For some reason, I was always enamored with lofts in my youth. I just thought they were cool and given the financial ceiling of my income, it was also a good option for my living quarters. The other quality I wanted in my living space was to be up against some kind of water. I didn’t focus and meditate on this with any enthusiasm or consistency but it was always in the back of my mind. At one point in my life, I moved about 300 miles to be with a woman I was involved with which seemed like a good idea at the time. It wasn’t and inevitably we broke up leaving me 300 miles from friends and family looking for a place to live. Less than a couple of miles away from where I was staying with her, I found a small condominium. it was a studio with a loft and on a man-made creek that ran through the whole complex. It was a very cool place. I stayed there for a couple of years with my son but it wasn’t until I had been there for a while that I realized this was almost exactly the concept I had been visualizing for quite some time and without even consciously giving it my attention I was living there. For years this blew me away and I began to realize two things. Understand what it is you are content and at peace with and it will come in time. My concept of peace at that time was a loft and a creek. It came in time and I didn’t even realize that it had until I was there for a while.
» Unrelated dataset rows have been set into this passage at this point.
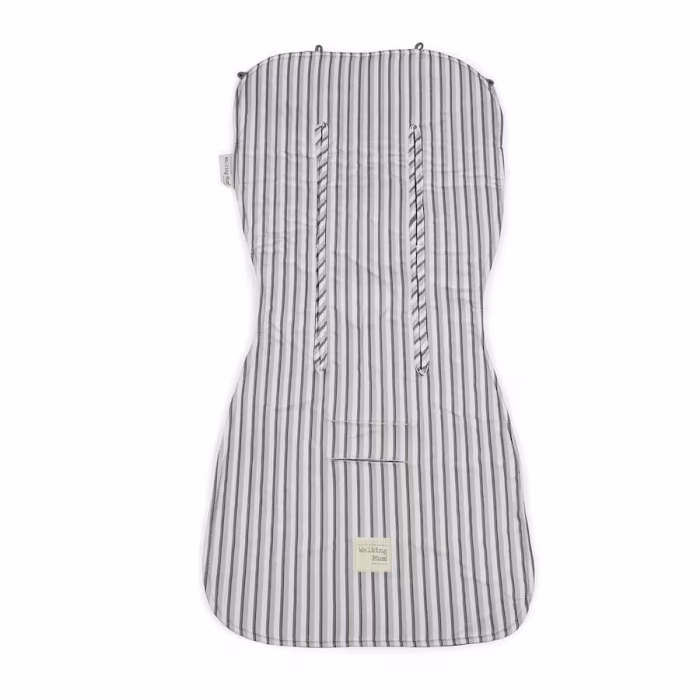 Colchoneta Botton Raya Walking Mum - Imagen 3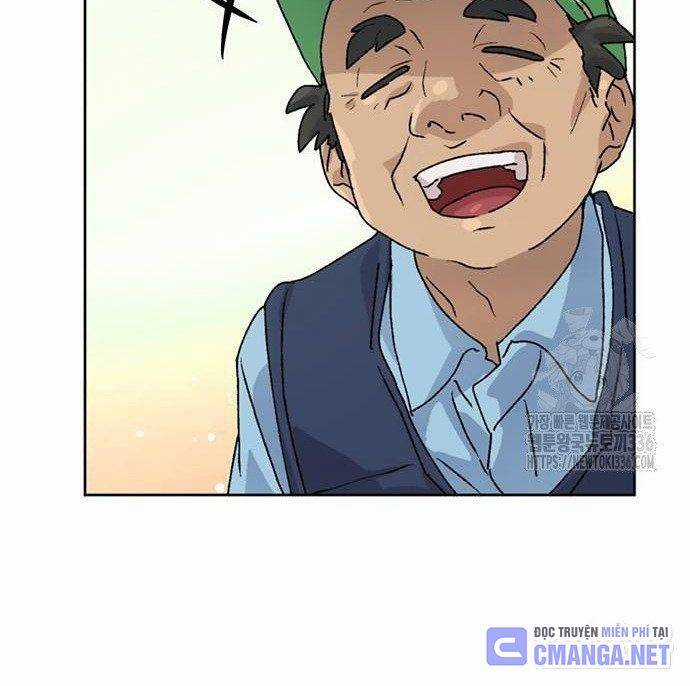 Chữa Lành Cuộc Sống Bằng Cách Cắm Trại Ở Thế Giới Khác Chapter 8 trang 138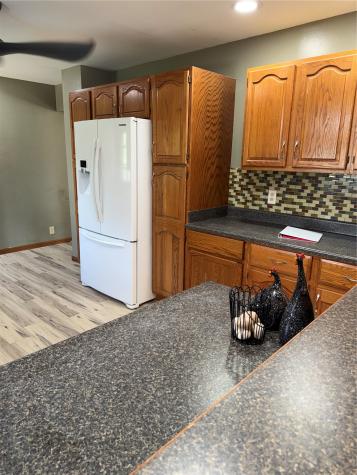 1826 Garry Avenue NW Cedar Rapids IA 52405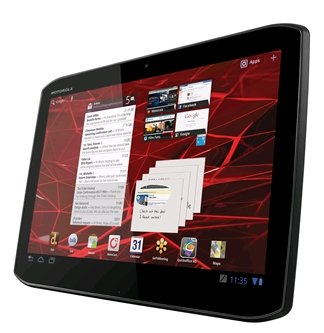  xoom 2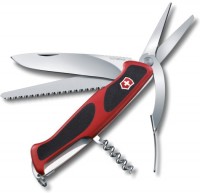 Photos - Knife / Multitool Victorinox RangerGrip 71 Gardener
Once you see it happen you can never go back to old thinking
After this experience, I realized my home had been a direct result of not only passive thinking or creative visualization but it seemingly found me. I was not out that day apartment hunting for a loft with a creek. It just appeared during my journey. It has been from then on that I imagined a world that could be if I decided to practice this skill and get good at it. Over the years I have had many similar experiences to bear witness to the authenticity of creative visualization. Its power is so astounding that even when you experience it is hard to believe. It is hard to make the connection that your thoughts brought into manifestation are real and much more than any coincidence. However, it is also hard to let the possibility go. Since then I have adopted a sort of blind faith regarding this phenomenon. For the rest of my life, I decided it is really how life works and my paradigm will forever be one that says, be cognizant of your thoughts for they are what you live.
Creative visualization and the plan to “Keep Life Moving”
If you have read this blog before you will probably see me reference the phrase, “Keep Life Moving.” It is the essence of what Cognitive Momentum stands for. Create momentum, be aware that you have momentum, and with your momentum, keep life moving. My morning routine reflects this belief and sets the tone every day. In that routine creative visualization helps me clear out the morass of life and cut through to my purpose and objective. Sometimes this is a thing that I want and sometimes it is a state of being or attitude I would like to cultivate or evolve. Whatever it is, it never becomes a reality until I can consistently see it in my mind. If it is work I want to accomplish it is the vision of me doing that job. If it is a material thing that I want, like a house or car or vacation, I see me living in it, driving it, or on it. I do this day in and day out considering a basic concept of how I would like to see my life evolve and no matter what negative thoughts creep in, I send that packing with another creative visualization.